*ASSIGNMENT*. Print the entries below in their entirety, exactly as they are written.

*Short text fragments from websites*.
***

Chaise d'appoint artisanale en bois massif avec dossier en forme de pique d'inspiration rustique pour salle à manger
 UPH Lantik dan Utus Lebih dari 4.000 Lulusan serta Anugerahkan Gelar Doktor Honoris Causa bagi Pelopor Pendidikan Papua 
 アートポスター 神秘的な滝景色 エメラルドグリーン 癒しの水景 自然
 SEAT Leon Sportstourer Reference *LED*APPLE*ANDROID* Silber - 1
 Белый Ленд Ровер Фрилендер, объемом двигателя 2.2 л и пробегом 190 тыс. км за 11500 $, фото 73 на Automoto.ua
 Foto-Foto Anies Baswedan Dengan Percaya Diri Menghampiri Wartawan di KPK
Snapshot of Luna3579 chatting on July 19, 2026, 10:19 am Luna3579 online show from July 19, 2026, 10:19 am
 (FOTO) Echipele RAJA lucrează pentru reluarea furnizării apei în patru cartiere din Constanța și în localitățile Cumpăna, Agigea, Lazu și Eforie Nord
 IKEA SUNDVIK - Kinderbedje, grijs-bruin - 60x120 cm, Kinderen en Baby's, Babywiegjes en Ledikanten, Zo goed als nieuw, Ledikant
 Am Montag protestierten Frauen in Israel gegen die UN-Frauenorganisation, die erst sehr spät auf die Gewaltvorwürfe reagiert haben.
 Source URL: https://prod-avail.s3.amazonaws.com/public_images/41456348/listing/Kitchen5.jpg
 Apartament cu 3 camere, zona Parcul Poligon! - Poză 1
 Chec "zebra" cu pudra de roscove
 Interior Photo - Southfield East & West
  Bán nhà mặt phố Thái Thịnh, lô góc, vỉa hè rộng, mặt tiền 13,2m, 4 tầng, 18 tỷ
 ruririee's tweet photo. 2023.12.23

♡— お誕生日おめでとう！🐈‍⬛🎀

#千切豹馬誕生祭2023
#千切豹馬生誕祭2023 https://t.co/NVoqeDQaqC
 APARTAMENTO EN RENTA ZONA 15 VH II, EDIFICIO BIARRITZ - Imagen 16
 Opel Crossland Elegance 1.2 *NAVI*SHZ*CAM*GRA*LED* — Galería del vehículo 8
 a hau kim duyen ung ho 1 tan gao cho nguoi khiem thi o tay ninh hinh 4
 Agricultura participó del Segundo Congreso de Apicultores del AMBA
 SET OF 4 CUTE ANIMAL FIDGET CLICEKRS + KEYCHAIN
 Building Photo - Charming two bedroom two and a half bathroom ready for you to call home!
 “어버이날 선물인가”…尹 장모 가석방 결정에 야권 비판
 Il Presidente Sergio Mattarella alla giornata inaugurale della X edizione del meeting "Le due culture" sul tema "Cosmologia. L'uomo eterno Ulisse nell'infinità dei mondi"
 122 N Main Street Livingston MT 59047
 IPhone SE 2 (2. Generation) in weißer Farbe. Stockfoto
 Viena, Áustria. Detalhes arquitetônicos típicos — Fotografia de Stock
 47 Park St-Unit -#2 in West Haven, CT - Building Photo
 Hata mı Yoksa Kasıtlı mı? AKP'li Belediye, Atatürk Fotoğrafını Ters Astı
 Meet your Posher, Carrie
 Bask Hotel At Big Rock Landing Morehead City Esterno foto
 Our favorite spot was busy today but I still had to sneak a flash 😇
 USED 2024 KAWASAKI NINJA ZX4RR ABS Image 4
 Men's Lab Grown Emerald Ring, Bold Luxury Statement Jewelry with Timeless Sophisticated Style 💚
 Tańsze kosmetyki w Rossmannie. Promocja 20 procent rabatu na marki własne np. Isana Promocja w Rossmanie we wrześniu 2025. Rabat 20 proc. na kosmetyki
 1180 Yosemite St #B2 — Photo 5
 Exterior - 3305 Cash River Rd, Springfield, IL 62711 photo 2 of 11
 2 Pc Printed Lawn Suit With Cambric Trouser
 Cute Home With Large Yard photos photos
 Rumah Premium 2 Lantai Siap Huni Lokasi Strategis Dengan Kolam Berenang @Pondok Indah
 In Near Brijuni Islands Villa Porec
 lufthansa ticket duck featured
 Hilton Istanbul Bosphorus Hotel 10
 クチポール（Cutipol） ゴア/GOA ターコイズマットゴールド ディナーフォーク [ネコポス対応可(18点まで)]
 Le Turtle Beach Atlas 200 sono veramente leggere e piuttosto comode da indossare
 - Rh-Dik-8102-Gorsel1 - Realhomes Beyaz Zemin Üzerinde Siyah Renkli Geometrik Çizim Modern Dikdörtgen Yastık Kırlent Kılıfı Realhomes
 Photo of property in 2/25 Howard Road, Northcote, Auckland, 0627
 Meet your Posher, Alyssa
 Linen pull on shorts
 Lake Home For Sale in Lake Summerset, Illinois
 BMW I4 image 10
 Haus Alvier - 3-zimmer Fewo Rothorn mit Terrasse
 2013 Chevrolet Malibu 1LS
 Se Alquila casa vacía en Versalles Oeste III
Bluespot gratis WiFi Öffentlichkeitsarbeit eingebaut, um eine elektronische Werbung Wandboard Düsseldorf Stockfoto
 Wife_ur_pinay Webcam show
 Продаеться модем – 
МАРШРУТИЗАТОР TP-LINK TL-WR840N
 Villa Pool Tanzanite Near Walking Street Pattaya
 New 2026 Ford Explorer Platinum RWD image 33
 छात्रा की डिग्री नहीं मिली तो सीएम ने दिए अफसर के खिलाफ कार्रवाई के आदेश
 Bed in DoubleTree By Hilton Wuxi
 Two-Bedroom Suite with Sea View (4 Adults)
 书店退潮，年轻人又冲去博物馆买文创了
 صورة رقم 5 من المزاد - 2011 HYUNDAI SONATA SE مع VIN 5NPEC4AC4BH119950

***

*OUTPUT OF THE TASK*.
Chaise d'appoint artisanale en bois massif avec dossier en forme de pique d'inspiration rustique pour salle à manger
 UPH Lantik dan Utus Lebih dari 4.000 Lulusan serta Anugerahkan Gelar Doktor Honoris Causa bagi Pelopor Pendidikan Papua 
 アートポスター 神秘的な滝景色 エメラルドグリーン 癒しの水景 自然
 SEAT Leon Sportstourer Reference *LED*APPLE*ANDROID* Silber - 1
 Белый Ленд Ровер Фрилендер, объемом двигателя 2.2 л и пробегом 190 тыс. км за 11500 $, фото 73 на Automoto.ua
 Foto-Foto Anies Baswedan Dengan Percaya Diri Menghampiri Wartawan di KPK
Snapshot of Luna3579 chatting on July 19, 2026, 10:19 am Luna3579 online show from July 19, 2026, 10:19 am
 (FOTO) Echipele RAJA lucrează pentru reluarea furnizării apei în patru cartiere din Constanța și în localitățile Cumpăna, Agigea, Lazu și Eforie Nord
 IKEA SUNDVIK - Kinderbedje, grijs-bruin - 60x120 cm, Kinderen en Baby's, Babywiegjes en Ledikanten, Zo goed als nieuw, Ledikant
 Am Montag protestierten Frauen in Israel gegen die UN-Frauenorganisation, die erst sehr spät auf die Gewaltvorwürfe reagiert haben.
 Source URL: https://prod-avail.s3.amazonaws.com/public_images/41456348/listing/Kitchen5.jpg
 Apartament cu 3 camere, zona Parcul Poligon! - Poză 1
 Chec "zebra" cu pudra de roscove
 Interior Photo - Southfield East & West
  Bán nhà mặt phố Thái Thịnh, lô góc, vỉa hè rộng, mặt tiền 13,2m, 4 tầng, 18 tỷ
 ruririee's tweet photo. 2023.12.23

♡— お誕生日おめでとう！🐈‍⬛🎀

#千切豹馬誕生祭2023
#千切豹馬生誕祭2023 https://t.co/NVoqeDQaqC
 APARTAMENTO EN RENTA ZONA 15 VH II, EDIFICIO BIARRITZ - Imagen 16
 Opel Crossland Elegance 1.2 *NAVI*SHZ*CAM*GRA*LED* — Galería del vehículo 8
 a hau kim duyen ung ho 1 tan gao cho nguoi khiem thi o tay ninh hinh 4
 Agricultura participó del Segundo Congreso de Apicultores del AMBA
 SET OF 4 CUTE ANIMAL FIDGET CLICEKRS + KEYCHAIN
 Building Photo - Charming two bedroom two and a half bathroom ready for you to call home!
 “어버이날 선물인가”…尹 장모 가석방 결정에 야권 비판
 Il Presidente Sergio Mattarella alla giornata inaugurale della X edizione del meeting "Le due culture" sul tema "Cosmologia. L'uomo eterno Ulisse nell'infinità dei mondi"
 122 N Main Street Livingston MT 59047
 IPhone SE 2 (2. Generation) in weißer Farbe. Stockfoto
 Viena, Áustria. Detalhes arquitetônicos típicos — Fotografia de Stock
 47 Park St-Unit -#2 in West Haven, CT - Building Photo
 Hata mı Yoksa Kasıtlı mı? AKP'li Belediye, Atatürk Fotoğrafını Ters Astı
 Meet your Posher, Carrie
 Bask Hotel At Big Rock Landing Morehead City Esterno foto
 Our favorite spot was busy today but I still had to sneak a flash 😇
 USED 2024 KAWASAKI NINJA ZX4RR ABS Image 4
 Men's Lab Grown Emerald Ring, Bold Luxury Statement Jewelry with Timeless Sophisticated Style 💚
 Tańsze kosmetyki w Rossmannie. Promocja 20 procent rabatu na marki własne np. Isana Promocja w Rossmanie we wrześniu 2025. Rabat 20 proc. na kosmetyki
 1180 Yosemite St #B2 — Photo 5
 Exterior - 3305 Cash River Rd, Springfield, IL 62711 photo 2 of 11
 2 Pc Printed Lawn Suit With Cambric Trouser
 Cute Home With Large Yard photos photos
 Rumah Premium 2 Lantai Siap Huni Lokasi Strategis Dengan Kolam Berenang @Pondok Indah
 In Near Brijuni Islands Villa Porec
 lufthansa ticket duck featured
 Hilton Istanbul Bosphorus Hotel 10
 クチポール（Cutipol） ゴア/GOA ターコイズマットゴールド ディナーフォーク [ネコポス対応可(18点まで)]
 Le Turtle Beach Atlas 200 sono veramente leggere e piuttosto comode da indossare
 - Rh-Dik-8102-Gorsel1 - Realhomes Beyaz Zemin Üzerinde Siyah Renkli Geometrik Çizim Modern Dikdörtgen Yastık Kırlent Kılıfı Realhomes
 Photo of property in 2/25 Howard Road, Northcote, Auckland, 0627
 Meet your Posher, Alyssa
 Linen pull on shorts
 Lake Home For Sale in Lake Summerset, Illinois
 BMW I4 image 10
 Haus Alvier - 3-zimmer Fewo Rothorn mit Terrasse
 2013 Chevrolet Malibu 1LS
 Se Alquila casa vacía en Versalles Oeste III
Bluespot gratis WiFi Öffentlichkeitsarbeit eingebaut, um eine elektronische Werbung Wandboard Düsseldorf Stockfoto
 Wife_ur_pinay Webcam show
 Продаеться модем – 
МАРШРУТИЗАТОР TP-LINK TL-WR840N
 Villa Pool Tanzanite Near Walking Street Pattaya
 New 2026 Ford Explorer Platinum RWD image 33
 छात्रा की डिग्री नहीं मिली तो सीएम ने दिए अफसर के खिलाफ कार्रवाई के आदेश
 Bed in DoubleTree By Hilton Wuxi
 Two-Bedroom Suite with Sea View (4 Adults)
 书店退潮，年轻人又冲去博物馆买文创了
 صورة رقم 5 من المزاد - 2011 HYUNDAI SONATA SE مع VIN 5NPEC4AC4BH119950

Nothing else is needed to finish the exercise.